### Aim of the exercise
Please write out the listing below again in its exact form.

Start of Records shown

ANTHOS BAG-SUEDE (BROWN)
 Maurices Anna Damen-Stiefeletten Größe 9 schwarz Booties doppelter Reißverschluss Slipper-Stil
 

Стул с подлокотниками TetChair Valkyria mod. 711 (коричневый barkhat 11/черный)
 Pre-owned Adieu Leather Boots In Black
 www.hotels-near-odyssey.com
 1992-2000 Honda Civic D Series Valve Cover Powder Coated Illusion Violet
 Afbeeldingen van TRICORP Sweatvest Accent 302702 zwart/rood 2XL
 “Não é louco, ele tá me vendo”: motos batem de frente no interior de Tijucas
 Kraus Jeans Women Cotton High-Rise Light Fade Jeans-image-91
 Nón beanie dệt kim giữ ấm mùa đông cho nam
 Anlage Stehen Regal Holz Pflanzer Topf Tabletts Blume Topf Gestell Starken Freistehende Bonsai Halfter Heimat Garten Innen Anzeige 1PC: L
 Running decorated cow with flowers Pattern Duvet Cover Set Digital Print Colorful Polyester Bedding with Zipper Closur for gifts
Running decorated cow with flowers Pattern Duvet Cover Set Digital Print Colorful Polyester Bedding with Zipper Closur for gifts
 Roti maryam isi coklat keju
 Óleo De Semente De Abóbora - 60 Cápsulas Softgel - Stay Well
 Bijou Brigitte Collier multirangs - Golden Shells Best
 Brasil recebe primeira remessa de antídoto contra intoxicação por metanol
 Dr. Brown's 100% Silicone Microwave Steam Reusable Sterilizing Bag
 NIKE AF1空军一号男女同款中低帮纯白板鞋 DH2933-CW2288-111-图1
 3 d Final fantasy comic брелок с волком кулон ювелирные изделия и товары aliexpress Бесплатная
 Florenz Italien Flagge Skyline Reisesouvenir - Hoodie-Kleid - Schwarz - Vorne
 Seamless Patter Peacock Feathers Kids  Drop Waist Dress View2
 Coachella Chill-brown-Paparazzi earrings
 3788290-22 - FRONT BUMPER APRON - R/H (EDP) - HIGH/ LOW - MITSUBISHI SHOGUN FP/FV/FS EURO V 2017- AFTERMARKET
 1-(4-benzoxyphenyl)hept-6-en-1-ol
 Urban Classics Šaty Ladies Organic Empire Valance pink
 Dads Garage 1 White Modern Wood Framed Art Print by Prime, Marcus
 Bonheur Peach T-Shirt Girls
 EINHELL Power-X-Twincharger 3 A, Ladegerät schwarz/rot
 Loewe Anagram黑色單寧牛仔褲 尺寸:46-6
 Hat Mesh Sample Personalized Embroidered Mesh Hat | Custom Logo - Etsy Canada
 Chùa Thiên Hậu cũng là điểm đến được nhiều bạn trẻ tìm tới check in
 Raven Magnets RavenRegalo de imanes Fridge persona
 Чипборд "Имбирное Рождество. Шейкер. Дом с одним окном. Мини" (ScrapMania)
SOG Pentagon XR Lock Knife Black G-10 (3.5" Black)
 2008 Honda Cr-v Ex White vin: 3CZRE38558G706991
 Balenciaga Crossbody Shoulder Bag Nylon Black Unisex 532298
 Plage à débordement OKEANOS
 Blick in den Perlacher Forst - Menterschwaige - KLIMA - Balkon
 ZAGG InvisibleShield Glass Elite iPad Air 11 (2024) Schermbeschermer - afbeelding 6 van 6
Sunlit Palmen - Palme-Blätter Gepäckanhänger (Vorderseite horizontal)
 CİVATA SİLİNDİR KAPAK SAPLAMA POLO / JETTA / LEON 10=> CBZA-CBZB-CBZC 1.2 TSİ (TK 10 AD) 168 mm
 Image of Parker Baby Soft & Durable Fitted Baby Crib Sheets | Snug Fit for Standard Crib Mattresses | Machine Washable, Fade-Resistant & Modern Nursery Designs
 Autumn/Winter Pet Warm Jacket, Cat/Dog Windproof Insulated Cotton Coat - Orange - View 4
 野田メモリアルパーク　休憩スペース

End of Records shown

### Exercise output
ANTHOS BAG-SUEDE (BROWN)
 Maurices Anna Damen-Stiefeletten Größe 9 schwarz Booties doppelter Reißverschluss Slipper-Stil
 

Стул с подлокотниками TetChair Valkyria mod. 711 (коричневый barkhat 11/черный)
 Pre-owned Adieu Leather Boots In Black
 www.hotels-near-odyssey.com
 1992-2000 Honda Civic D Series Valve Cover Powder Coated Illusion Violet
 Afbeeldingen van TRICORP Sweatvest Accent 302702 zwart/rood 2XL
 “Não é louco, ele tá me vendo”: motos batem de frente no interior de Tijucas
 Kraus Jeans Women Cotton High-Rise Light Fade Jeans-image-91
 Nón beanie dệt kim giữ ấm mùa đông cho nam
 Anlage Stehen Regal Holz Pflanzer Topf Tabletts Blume Topf Gestell Starken Freistehende Bonsai Halfter Heimat Garten Innen Anzeige 1PC: L
 Running decorated cow with flowers Pattern Duvet Cover Set Digital Print Colorful Polyester Bedding with Zipper Closur for gifts
Running decorated cow with flowers Pattern Duvet Cover Set Digital Print Colorful Polyester Bedding with Zipper Closur for gifts
 Roti maryam isi coklat keju
 Óleo De Semente De Abóbora - 60 Cápsulas Softgel - Stay Well
 Bijou Brigitte Collier multirangs - Golden Shells Best
 Brasil recebe primeira remessa de antídoto contra intoxicação por metanol
 Dr. Brown's 100% Silicone Microwave Steam Reusable Sterilizing Bag
 NIKE AF1空军一号男女同款中低帮纯白板鞋 DH2933-CW2288-111-图1
 3 d Final fantasy comic брелок с волком кулон ювелирные изделия и товары aliexpress Бесплатная
 Florenz Italien Flagge Skyline Reisesouvenir - Hoodie-Kleid - Schwarz - Vorne
 Seamless Patter Peacock Feathers Kids  Drop Waist Dress View2
 Coachella Chill-brown-Paparazzi earrings
 3788290-22 - FRONT BUMPER APRON - R/H (EDP) - HIGH/ LOW - MITSUBISHI SHOGUN FP/FV/FS EURO V 2017- AFTERMARKET
 1-(4-benzoxyphenyl)hept-6-en-1-ol
 Urban Classics Šaty Ladies Organic Empire Valance pink
 Dads Garage 1 White Modern Wood Framed Art Print by Prime, Marcus
 Bonheur Peach T-Shirt Girls
 EINHELL Power-X-Twincharger 3 A, Ladegerät schwarz/rot
 Loewe Anagram黑色單寧牛仔褲 尺寸:46-6
 Hat Mesh Sample Personalized Embroidered Mesh Hat | Custom Logo - Etsy Canada
 Chùa Thiên Hậu cũng là điểm đến được nhiều bạn trẻ tìm tới check in
 Raven Magnets RavenRegalo de imanes Fridge persona
 Чипборд "Имбирное Рождество. Шейкер. Дом с одним окном. Мини" (ScrapMania)
SOG Pentagon XR Lock Knife Black G-10 (3.5" Black)
 2008 Honda Cr-v Ex White vin: 3CZRE38558G706991
 Balenciaga Crossbody Shoulder Bag Nylon Black Unisex 532298
 Plage à débordement OKEANOS
 Blick in den Perlacher Forst - Menterschwaige - KLIMA - Balkon
 ZAGG InvisibleShield Glass Elite iPad Air 11 (2024) Schermbeschermer - afbeelding 6 van 6
Sunlit Palmen - Palme-Blätter Gepäckanhänger (Vorderseite horizontal)
 CİVATA SİLİNDİR KAPAK SAPLAMA POLO / JETTA / LEON 10=> CBZA-CBZB-CBZC 1.2 TSİ (TK 10 AD) 168 mm
 Image of Parker Baby Soft & Durable Fitted Baby Crib Sheets | Snug Fit for Standard Crib Mattresses | Machine Washable, Fade-Resistant & Modern Nursery Designs
 Autumn/Winter Pet Warm Jacket, Cat/Dog Windproof Insulated Cotton Coat - Orange - View 4
 野田メモリアルパーク　休憩スペース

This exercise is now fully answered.